- Study material
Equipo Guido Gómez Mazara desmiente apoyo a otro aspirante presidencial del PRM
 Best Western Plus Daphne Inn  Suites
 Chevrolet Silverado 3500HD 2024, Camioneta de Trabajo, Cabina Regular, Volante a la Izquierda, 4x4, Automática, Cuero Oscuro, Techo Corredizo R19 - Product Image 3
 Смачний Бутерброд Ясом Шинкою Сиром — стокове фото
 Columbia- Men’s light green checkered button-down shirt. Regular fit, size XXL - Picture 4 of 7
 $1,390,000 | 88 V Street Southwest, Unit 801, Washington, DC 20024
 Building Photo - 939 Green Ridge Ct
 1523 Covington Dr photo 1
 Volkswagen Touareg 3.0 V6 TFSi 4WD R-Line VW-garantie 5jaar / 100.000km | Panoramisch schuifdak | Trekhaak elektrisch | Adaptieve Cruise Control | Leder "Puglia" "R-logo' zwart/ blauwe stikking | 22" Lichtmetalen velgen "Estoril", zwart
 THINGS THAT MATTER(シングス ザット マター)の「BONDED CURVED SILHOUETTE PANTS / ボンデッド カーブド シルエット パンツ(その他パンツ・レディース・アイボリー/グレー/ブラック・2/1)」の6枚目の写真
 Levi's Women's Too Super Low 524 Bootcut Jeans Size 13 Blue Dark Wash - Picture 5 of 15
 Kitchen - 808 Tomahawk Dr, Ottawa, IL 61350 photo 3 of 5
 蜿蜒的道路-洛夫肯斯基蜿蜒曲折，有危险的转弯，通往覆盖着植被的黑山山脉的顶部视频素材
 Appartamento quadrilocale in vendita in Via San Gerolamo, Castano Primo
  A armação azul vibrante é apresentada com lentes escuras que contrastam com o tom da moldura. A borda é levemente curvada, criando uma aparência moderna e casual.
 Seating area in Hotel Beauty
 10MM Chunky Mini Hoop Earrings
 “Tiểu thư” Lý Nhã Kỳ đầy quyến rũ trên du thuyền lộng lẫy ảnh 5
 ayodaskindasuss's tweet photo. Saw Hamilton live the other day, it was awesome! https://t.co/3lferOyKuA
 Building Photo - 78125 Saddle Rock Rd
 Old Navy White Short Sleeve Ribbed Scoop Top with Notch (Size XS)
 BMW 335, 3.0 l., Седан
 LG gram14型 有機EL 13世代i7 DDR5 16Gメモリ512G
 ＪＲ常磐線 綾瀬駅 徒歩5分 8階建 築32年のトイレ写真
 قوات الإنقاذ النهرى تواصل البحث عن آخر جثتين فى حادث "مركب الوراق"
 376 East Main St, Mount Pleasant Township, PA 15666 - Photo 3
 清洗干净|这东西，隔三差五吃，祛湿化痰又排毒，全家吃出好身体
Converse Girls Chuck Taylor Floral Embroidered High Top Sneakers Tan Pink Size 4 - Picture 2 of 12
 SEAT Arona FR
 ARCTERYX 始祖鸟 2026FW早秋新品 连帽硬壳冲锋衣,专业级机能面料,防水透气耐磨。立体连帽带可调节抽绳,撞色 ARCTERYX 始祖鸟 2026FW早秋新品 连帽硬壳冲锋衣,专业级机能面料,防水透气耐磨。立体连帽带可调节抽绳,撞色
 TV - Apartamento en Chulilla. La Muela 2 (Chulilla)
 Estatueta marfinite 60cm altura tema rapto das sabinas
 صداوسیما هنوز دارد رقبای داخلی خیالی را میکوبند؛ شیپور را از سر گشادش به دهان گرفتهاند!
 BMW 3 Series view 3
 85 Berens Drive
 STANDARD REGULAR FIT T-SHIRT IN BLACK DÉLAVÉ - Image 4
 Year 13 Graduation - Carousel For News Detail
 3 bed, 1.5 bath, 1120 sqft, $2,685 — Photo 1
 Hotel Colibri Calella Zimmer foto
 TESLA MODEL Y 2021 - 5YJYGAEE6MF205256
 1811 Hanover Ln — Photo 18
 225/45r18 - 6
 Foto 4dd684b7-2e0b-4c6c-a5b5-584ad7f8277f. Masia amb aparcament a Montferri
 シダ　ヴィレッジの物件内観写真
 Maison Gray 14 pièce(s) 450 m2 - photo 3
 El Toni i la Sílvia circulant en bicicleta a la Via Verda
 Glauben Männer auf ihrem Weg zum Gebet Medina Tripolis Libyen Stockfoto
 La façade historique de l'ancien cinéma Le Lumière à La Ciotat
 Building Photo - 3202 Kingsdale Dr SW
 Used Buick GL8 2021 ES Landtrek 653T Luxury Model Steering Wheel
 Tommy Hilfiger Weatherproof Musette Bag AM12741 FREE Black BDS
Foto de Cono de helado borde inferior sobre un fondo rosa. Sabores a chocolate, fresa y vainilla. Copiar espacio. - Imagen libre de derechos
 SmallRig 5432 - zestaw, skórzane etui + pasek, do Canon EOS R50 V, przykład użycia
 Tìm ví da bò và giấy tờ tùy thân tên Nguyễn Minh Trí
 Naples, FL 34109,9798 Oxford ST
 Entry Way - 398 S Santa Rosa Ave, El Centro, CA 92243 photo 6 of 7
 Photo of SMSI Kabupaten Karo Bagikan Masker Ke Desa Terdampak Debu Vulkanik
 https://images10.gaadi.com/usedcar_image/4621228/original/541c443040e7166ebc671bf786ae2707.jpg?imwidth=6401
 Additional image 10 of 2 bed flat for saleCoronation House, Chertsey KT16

- Exercise objective
Where does the word "Building" show up in the material? Copy out each line that has it.

- Output
 Building Photo - 939 Green Ridge Ct
 Building Photo - 78125 Saddle Rock Rd
 Building Photo - 3202 Kingsdale Dr SW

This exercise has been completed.